Image-caption web data

--*--

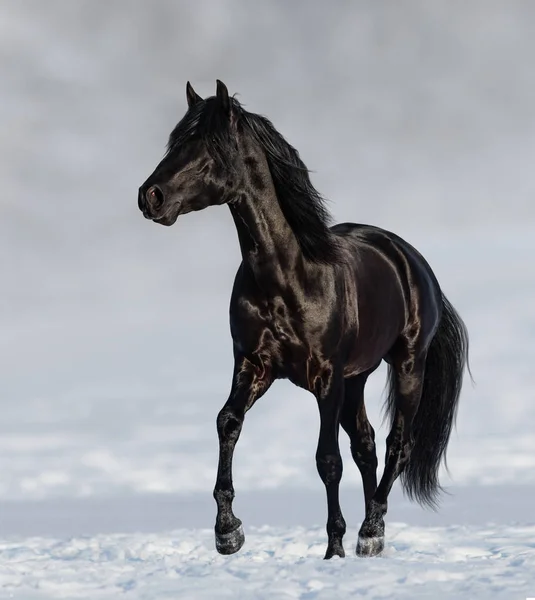 Schwarzes Andalusisches Pferd Trabt Auf Schneebedeckter Wiese Mit Blauem Naturhintergrund — Stockfoto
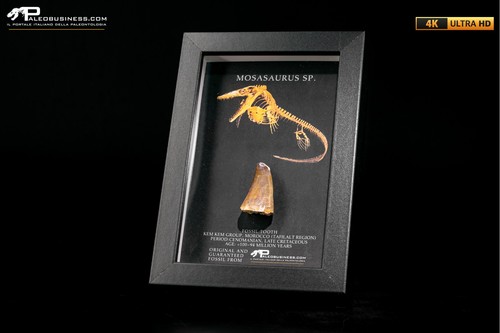 Dente fossile mosasaurus - fossile,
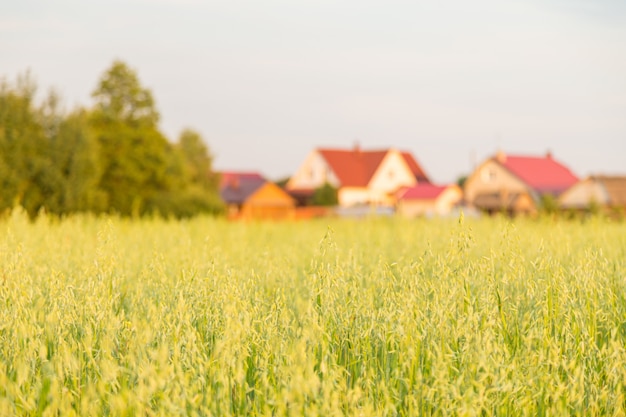 Gebied van haver en landhuizen op de achtergrond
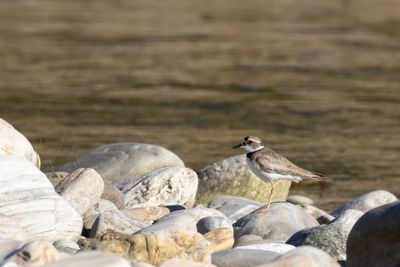 Long-billed Plover (Thinornis placidus)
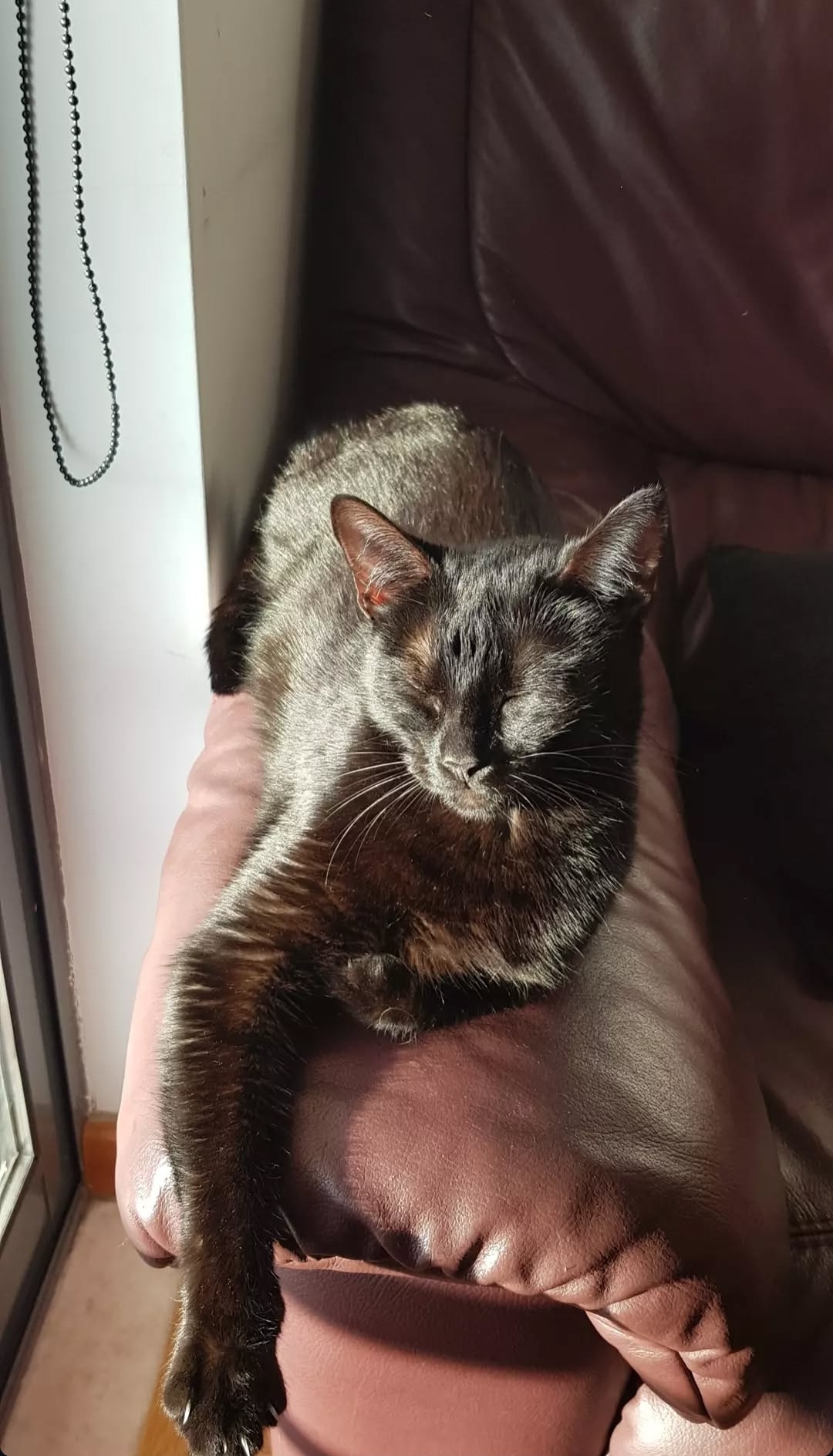 Dasa - Palmela - Cat Sitting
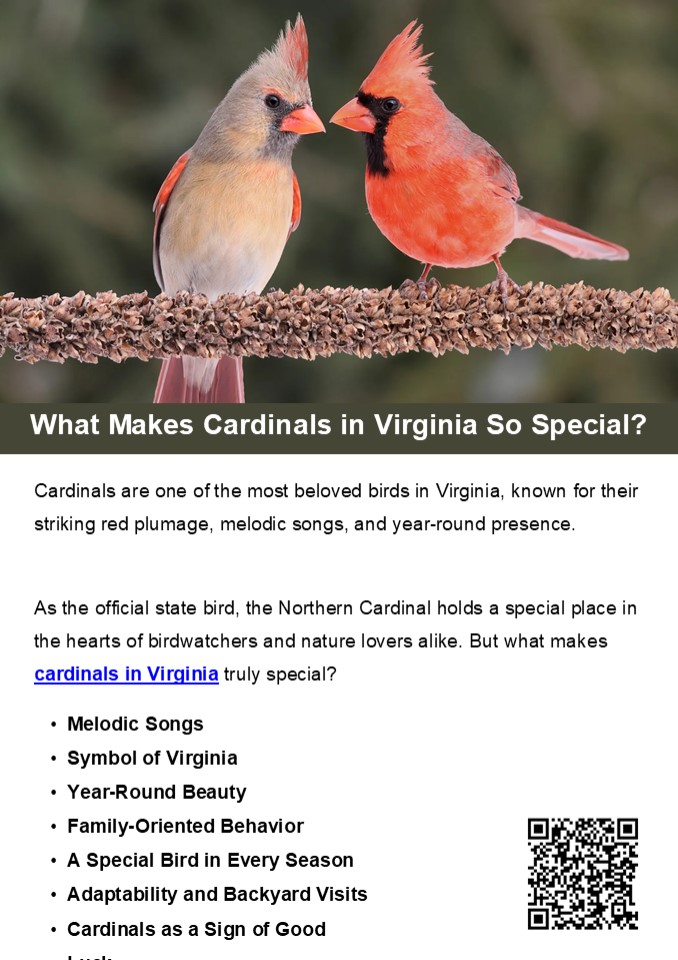 What Makes Cardinals in Virginia So Special?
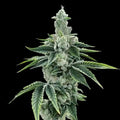 Recon 2.0 Fem Cannabis Seeds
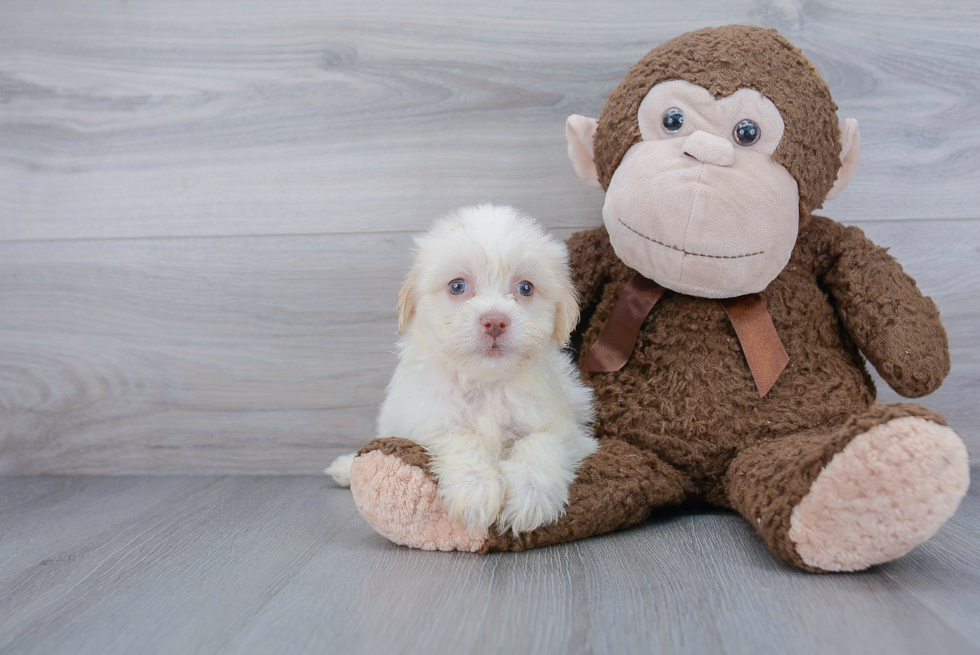 Best Havanese Baby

--*--

# [Assignment]
The lines from the one containing "What Makes Cardinals in Virginia So Special?" through the last line of the data above are to be transcribed exactly, both included, with all pictures left out.

# [The answer]
 What Makes Cardinals in Virginia So Special?
 Recon 2.0 Fem Cannabis Seeds
 Best Havanese Baby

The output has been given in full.